Hailed as the “Sicilian Gandhi,” Danilo Dolci was born at Sesana, near Trieste, in 1924, son of a Sicilian father and a Slovenian mother. By the time of his death, in 1997, he had seen the face of Sicily change considerably, and could justly recognize his own contributions to the process. Into the 1970s, he was the single most important force for improvement in horrendous social conditions rooted in centuries of exploitation by ruthless landlords, dishonest government officials, corrupt police and, worst of all, the omnipresent black hand of the Maﬁa.
Raised in Fascist Italy, Danilo Dolci studied architecture and engineering and was a promising student. He was not very “political” in the sense of being associated with a particular political party, but as a young man was arrested by northern Italy’s Fascists (of Mussolini’s Republic of Sale) for tearing down Fascist propaganda posters. It was l943, and he refused to enlist in the doomed army of the Republic of Salo. This was one of the ﬁrst clear indications that Dolci detested violence in any form.

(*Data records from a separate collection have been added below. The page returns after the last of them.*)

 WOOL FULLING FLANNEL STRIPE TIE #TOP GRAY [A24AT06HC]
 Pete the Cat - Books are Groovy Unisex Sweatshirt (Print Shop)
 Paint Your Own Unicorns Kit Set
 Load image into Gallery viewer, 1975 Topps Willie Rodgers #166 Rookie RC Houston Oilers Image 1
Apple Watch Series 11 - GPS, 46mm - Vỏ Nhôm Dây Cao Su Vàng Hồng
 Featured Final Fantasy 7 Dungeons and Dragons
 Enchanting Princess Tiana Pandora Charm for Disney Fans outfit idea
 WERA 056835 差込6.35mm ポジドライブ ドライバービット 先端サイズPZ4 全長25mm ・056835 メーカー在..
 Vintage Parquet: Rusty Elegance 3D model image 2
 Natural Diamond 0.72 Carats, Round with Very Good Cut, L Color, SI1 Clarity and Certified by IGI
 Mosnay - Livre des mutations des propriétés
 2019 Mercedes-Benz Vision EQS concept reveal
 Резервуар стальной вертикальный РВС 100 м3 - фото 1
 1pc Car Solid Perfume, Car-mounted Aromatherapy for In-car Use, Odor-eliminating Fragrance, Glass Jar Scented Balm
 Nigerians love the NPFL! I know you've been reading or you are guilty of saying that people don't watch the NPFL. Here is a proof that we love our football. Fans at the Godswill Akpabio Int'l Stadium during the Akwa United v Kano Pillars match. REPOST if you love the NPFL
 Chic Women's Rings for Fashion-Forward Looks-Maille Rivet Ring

Despite widespread public impressions, he was neither a Communist nor overtly anti-clerical. He was an activist, pure and simple. Following the war, he initially supported some charities sponsored by the Catholic Church. He had been to Sicily brieﬂy in the early l94Os, when his father worked for the railroad here. But it was during a subsequent visit to Sicily’s Greek archeological sites that he became acutely aware of what can only be described as squalid rural poverty. The young Dolci sought to address problems that few others were willing even to recognize, much less confront. In the 1950s, despite continuing mass emigration from northern Italy as well as Sicily, it took courage to write about the nation’s failure to provide opportunities for its least fortunate citizens, or a self-governing region’s abuse of public funds literally stolen by politicians associated directly with the Maﬁa. Yet, Dolci did so with eloquence, despite constant threats from corrupt law-enforcement authorities.
Dolci’s social center attracted attention on a global scale, prompting many to compare him to Martin Luther King. Like Doctor King, Dolci was a charismatic character whose movement appealed to socially-conscious young people around the World, some of whom came to Sicily to work with him. Yet, Dolci’s blunt, pragmatic message was rarely a convenient or ﬂattering one.
As a humanitarian, he created public works programs, investigated public corruption and generally assisted the poorest people of northwestern Sicily, attempting to improve their living conditions while using Partinico and Trappeto as his main bases. The Jato Dam was one such project.
Dolci published extensively and brought popular attention to the humblest citizens of a very slowly evolving society, earning praise around the world. Danilo Dolci was twice nominated for the Nobel Prize and was awarded the Lenin Peace Prize, the funds from which were used to establish a string of social centers to address the needs of poor families. Among those who publicly voiced support for his efforts were Carlo Levi, Erich Fromm, Bertrand Russell, Jean Piaget, Aldous Huxley, Jean-Paul Sartre and Ernst Bloch. Dolci was twice married and had several children. Sicilian Lives remains his best-known book, while one of the best biographical works about him is American author Gerry Magione’s A Passion for Sicilians.